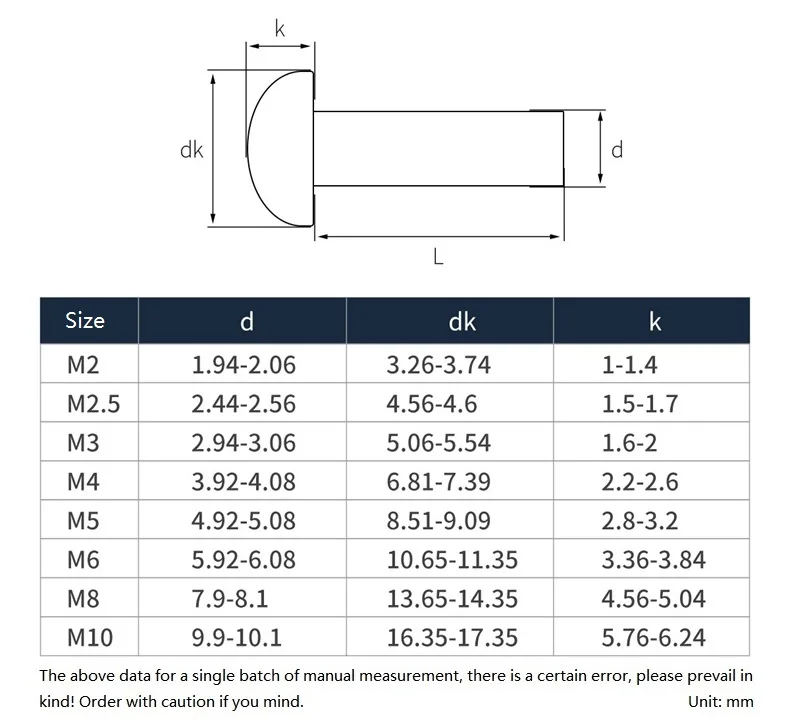 M2 M2.5 M3 M4 M5 M6 M8 304 Stainless Steel GB867 Solid Button Semi Dome Round Head Percussion Punch Self-plugging Rivet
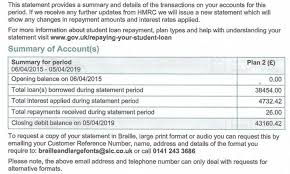 To explore loan forgiveness, you first need to know whether you have federal or private. My Student Loan Racked Up 2 285 Interest In A Year And I Paid Off 26 This Is Money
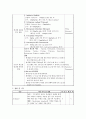 아동케이스-폐렴환아 13페이지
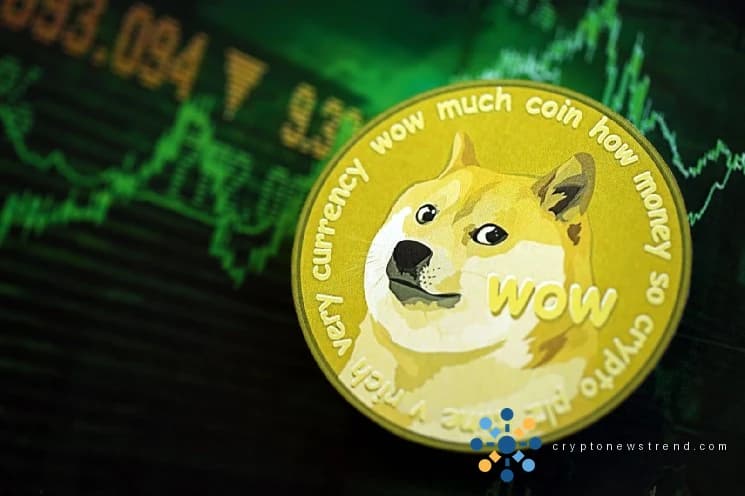 Dogecoin (DOGE) More Bullish Than It Looks: 4x Long Pressure Builds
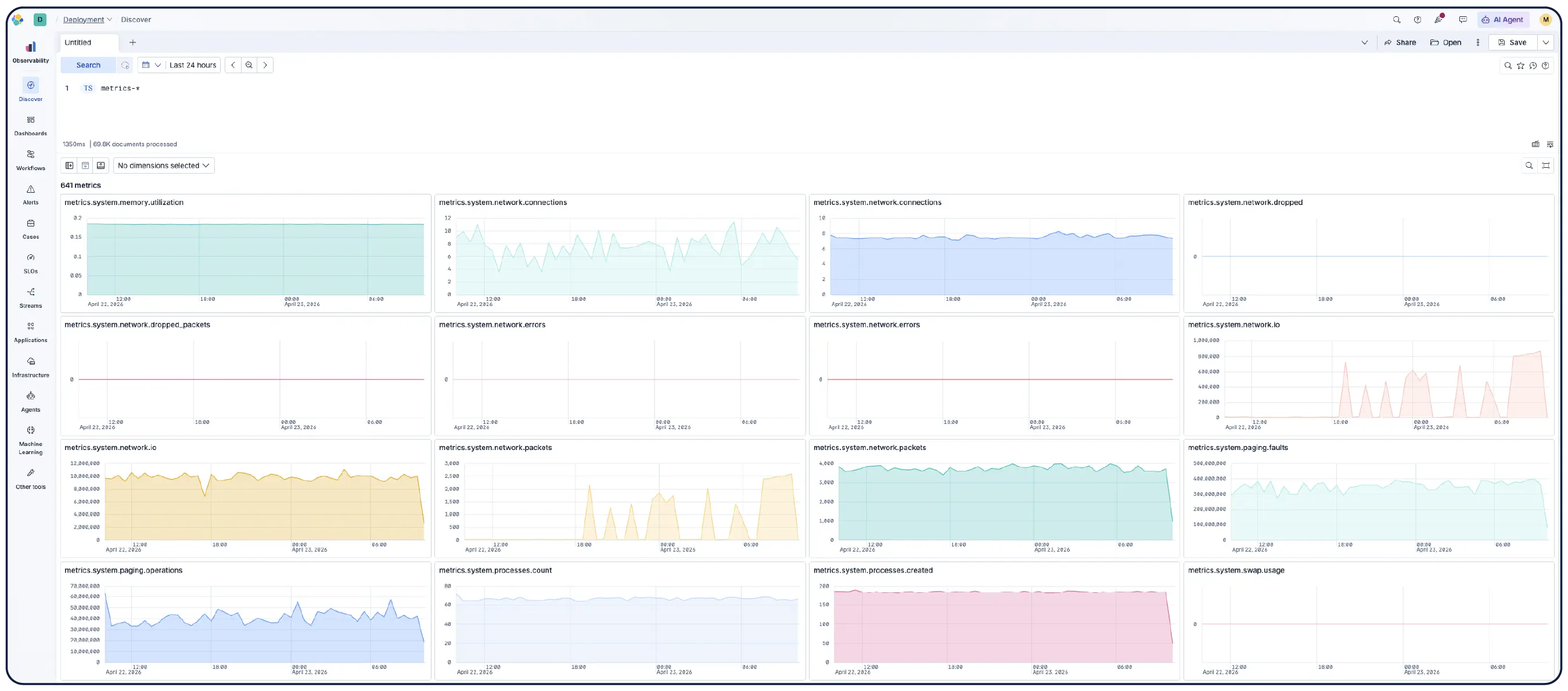 You can use Elastic Observability to search, filter, and visualize data, set alerts, and run ES|QL queries across any data (logs, metrics, and traces) — all from a single view (Discover).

- - - -

Print the entries above exactly, leaving pictures out.

▶ _THE COMPLETED TASK_
 M2 M2.5 M3 M4 M5 M6 M8 304 Stainless Steel GB867 Solid Button Semi Dome Round Head Percussion Punch Self-plugging Rivet
 To explore loan forgiveness, you first need to know whether you have federal or private. My Student Loan Racked Up 2 285 Interest In A Year And I Paid Off 26 This Is Money
 아동케이스-폐렴환아 13페이지
 Dogecoin (DOGE) More Bullish Than It Looks: 4x Long Pressure Builds
 You can use Elastic Observability to search, filter, and visualize data, set alerts, and run ES|QL queries across any data (logs, metrics, and traces) — all from a single view (Discover).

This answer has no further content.